Death row chaplain is last contact for the condemned in Texas

Posted: Friday, October 06, 2000

HUNTSVILLE, Texas (AP) -- For some of the most vilified people in Texas, the comforting right hand of Jim Brazzil is their last human touch before they slip into unconsciousness and die.

''You watch that man take his last breath, and you watch his eyes set and they just have that blank stare ... You can see his shirt pounding, then all of a sudden you see it begin to slow and then it stops,'' said Brazzil, a Southern Baptist minister who for five years has been chaplain at the state prison that houses Texas' death chamber.

''The intensity of that moment -- sometimes you can feel the spirit leave -- I don't know how to describe it.''

Brazzil has prayed, laughed and cried with more than 130 murderers executed by the Texas Department of Criminal Justice.

The busiest death house minister in the country, he shrugs off the scrutiny paid to Texas' aggressive execution pace and the role of Gov. George W. Bush, the GOP presidential candidate. ''The politics don't make any difference to me,'' he said.

What does matter is helping the person facing lethal injection.

''If I'm not in there, he's going to be by himself and I believe I can make a difference in his life just by loving him,'' said Brazzil, a 50-year-old father of three and grandfather of four.

''And I've had victims' families get angry with me because I've taken that position.''

The condemned inmate -- a needle in each arm -- is secured with cream-colored leather belts to the steel table. A warden stands close to the inmate's head. Brazzil is near the feet, his hand resting on the inmate's right leg between the ankle and knee.

''I feel his heart, I feel him tremble,'' Brazzil said. ''When that last moment is gone, he enters into the presence of God.''

Convicted killer John Satterwhite spent several hours with Brazzil shortly before he was executed in September.

''He's helped me in a whole lot of ways spiritually,'' Satterwhite told The Associated Press less than an hour before his execution. ''He's wonderful. You can't get a better person. I'm at peace.''

Born in Temple, Brazzil studied at Howard Payne University in Brownwood and Southwestern Baptist Theological Seminary in Fort Worth. After taking up church postings, he was drawn to volunteer ministry in county jails, and once, on a church-sponsored trip to the Ukraine, he preached at 11 prisons.

''I came back home with a firm commitment I really wanted to go into prison work,'' he said.

Two years later, he took a 50 percent pay cut to become a state prison chaplain.

He witnessed his first execution on Sept. 19, 1995, at the Huntsville Unit, commonly known as ''The Walls.'' Condemned murderer Carl Johnson, proclaiming innocence but saying he had found peace, received injection for gunning down a security guard at a Houston supermarket almost 17 years earlier.

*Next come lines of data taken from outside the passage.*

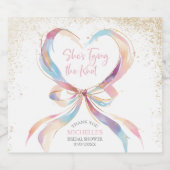 Chic Ze bindt de Roze Knoop Boog Vrijgezellenfeest Sparkling Wijnetiket (Enkel label)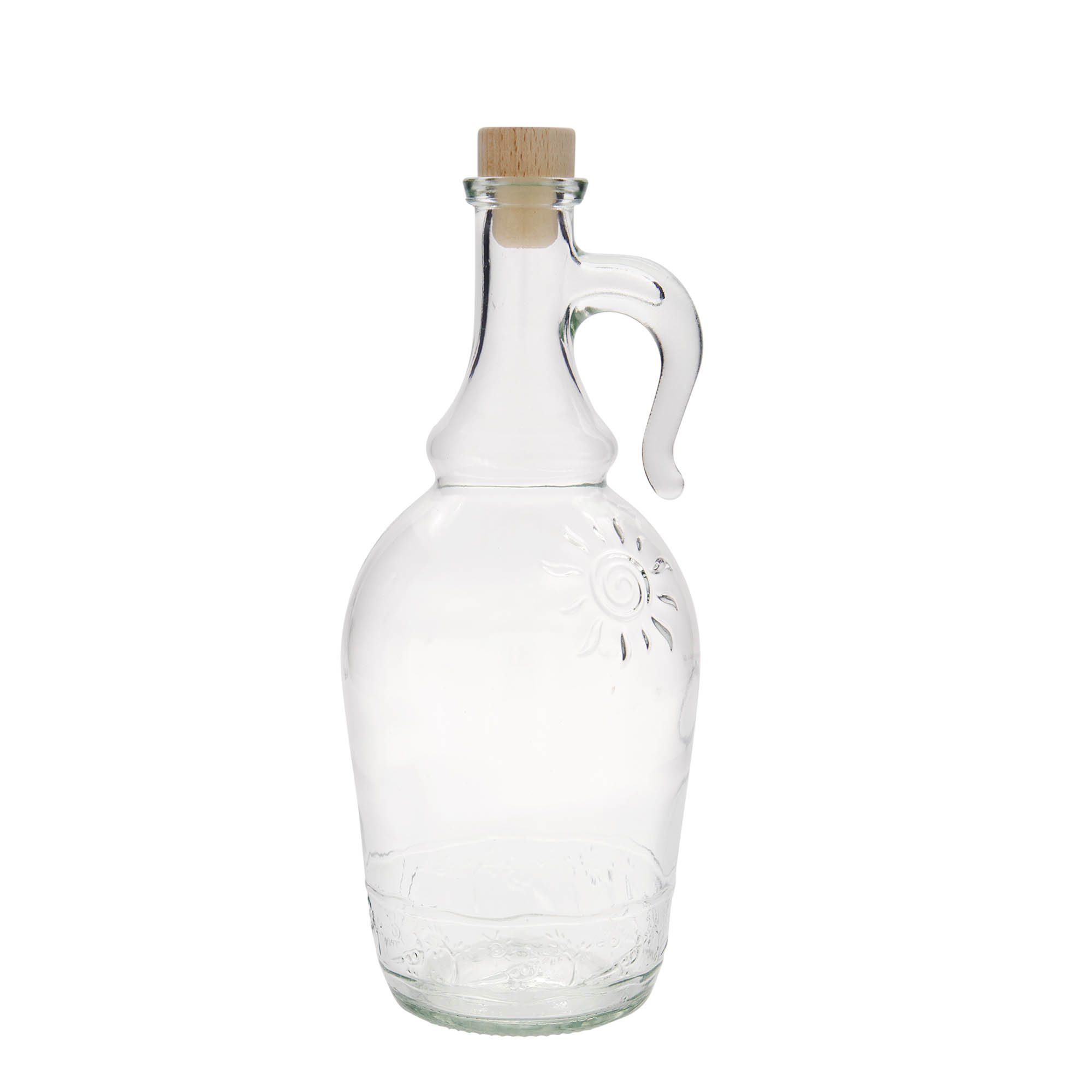 1,000 ml glass bottle 'Sunny', closure: cork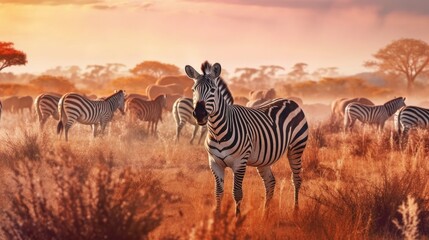 Fototapeta na wymiar A group of zebras grazing in a field. AI generated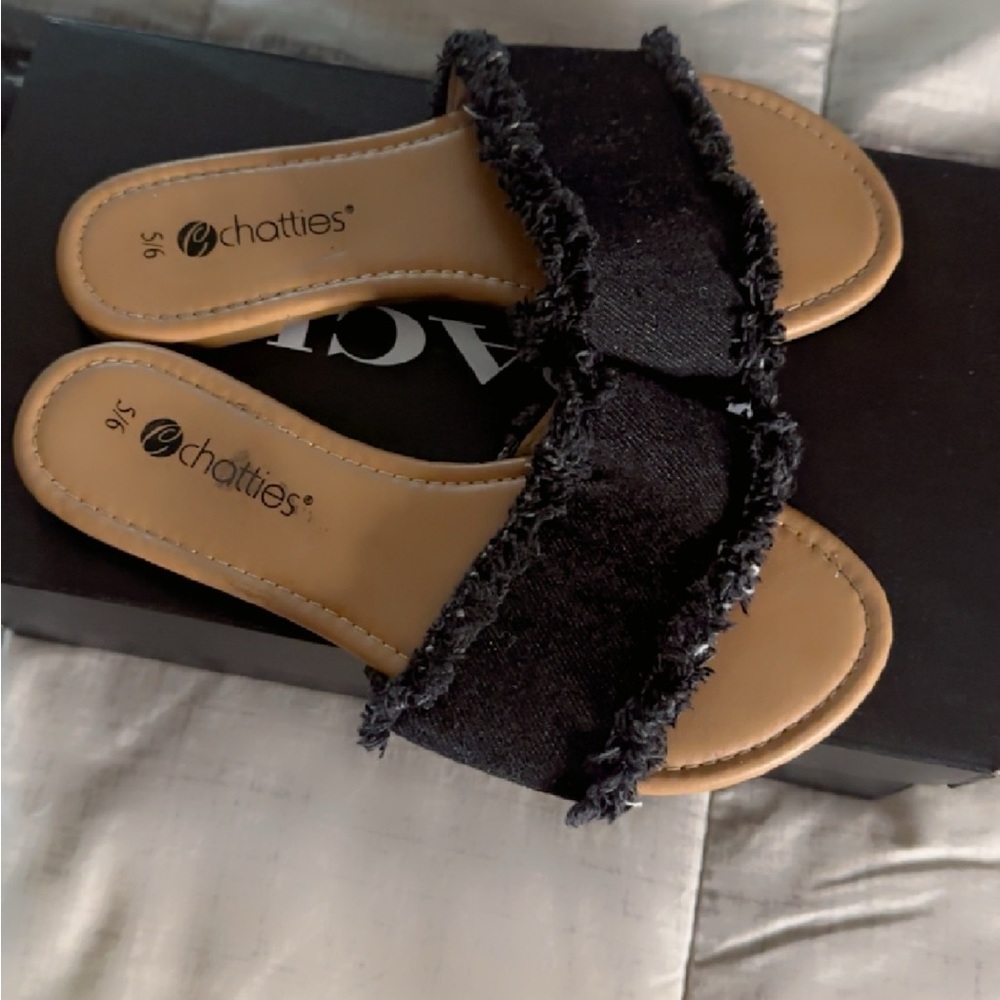Jean Black Sandals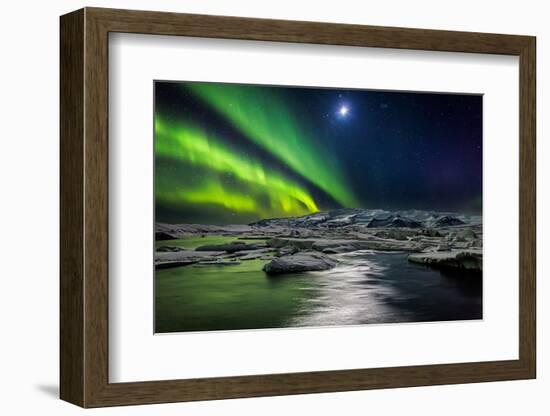 Moon and Aurora Borealis, Northern Lights with the Moon Illuminating the Skies and Icebergs-null-Framed Premium Photographic Print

''I felt like I had finally found a niche,'' said Brazzil, now in charge of prison chaplains over a wide area of East and North Texas.

Jim Willet, the Huntsville Unit warden, said Brazzil helps the inmates make it through their final day.

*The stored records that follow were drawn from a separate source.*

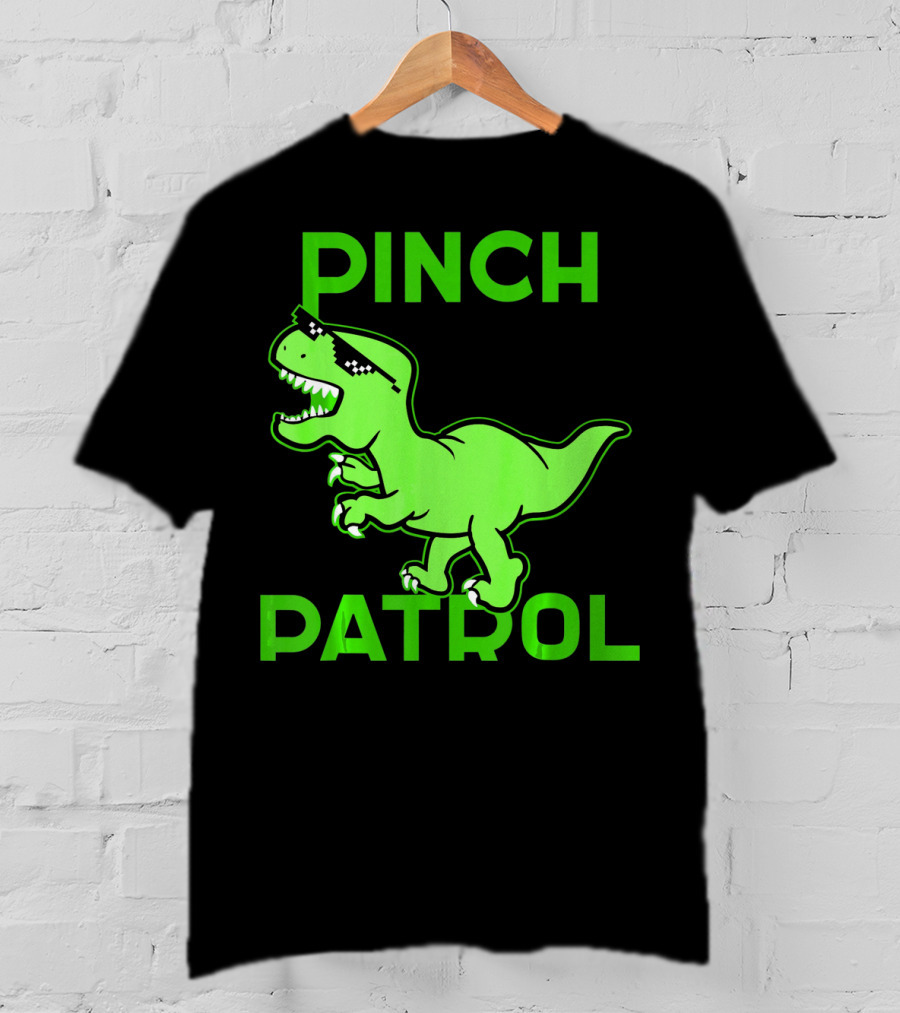 St Patrick Day Dinosaur Pinch Patrol Funny Green T-Rex Holiday T-Shirt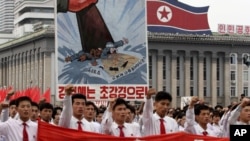 Manifestación antiestadounidense en Pyongyang, Corea del Norte.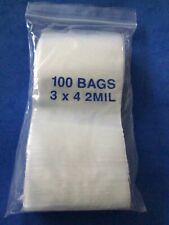 100 Clear Zip Seal Plastic Bags Jewelry Zipper Top Lock Baggies 2 Mil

''He communicates with the inmate and he prefers approaching them through Christianity,'' Willet said. ''But if they're not willing, he's just willing to be a person available.''

Brazzil generally will go to the Terrell Unit, about 45 miles east of Huntsville where death row inmates are housed, a day or two before a scheduled execution to introduce himself to the condemned prisoner.

''I want him to see my face,'' he said. ''All they know is you're that 'killing chaplain' from over at The Walls.''

It's one of several nicknames given to Brazzil, who also acknowledges being known as the ''sinister minister'' or ''cardinal of the chamber.''

On execution day, they meet again and he introduces the prison staff when the inmate arrives at a holding cell adjacent to the death chamber at The Walls.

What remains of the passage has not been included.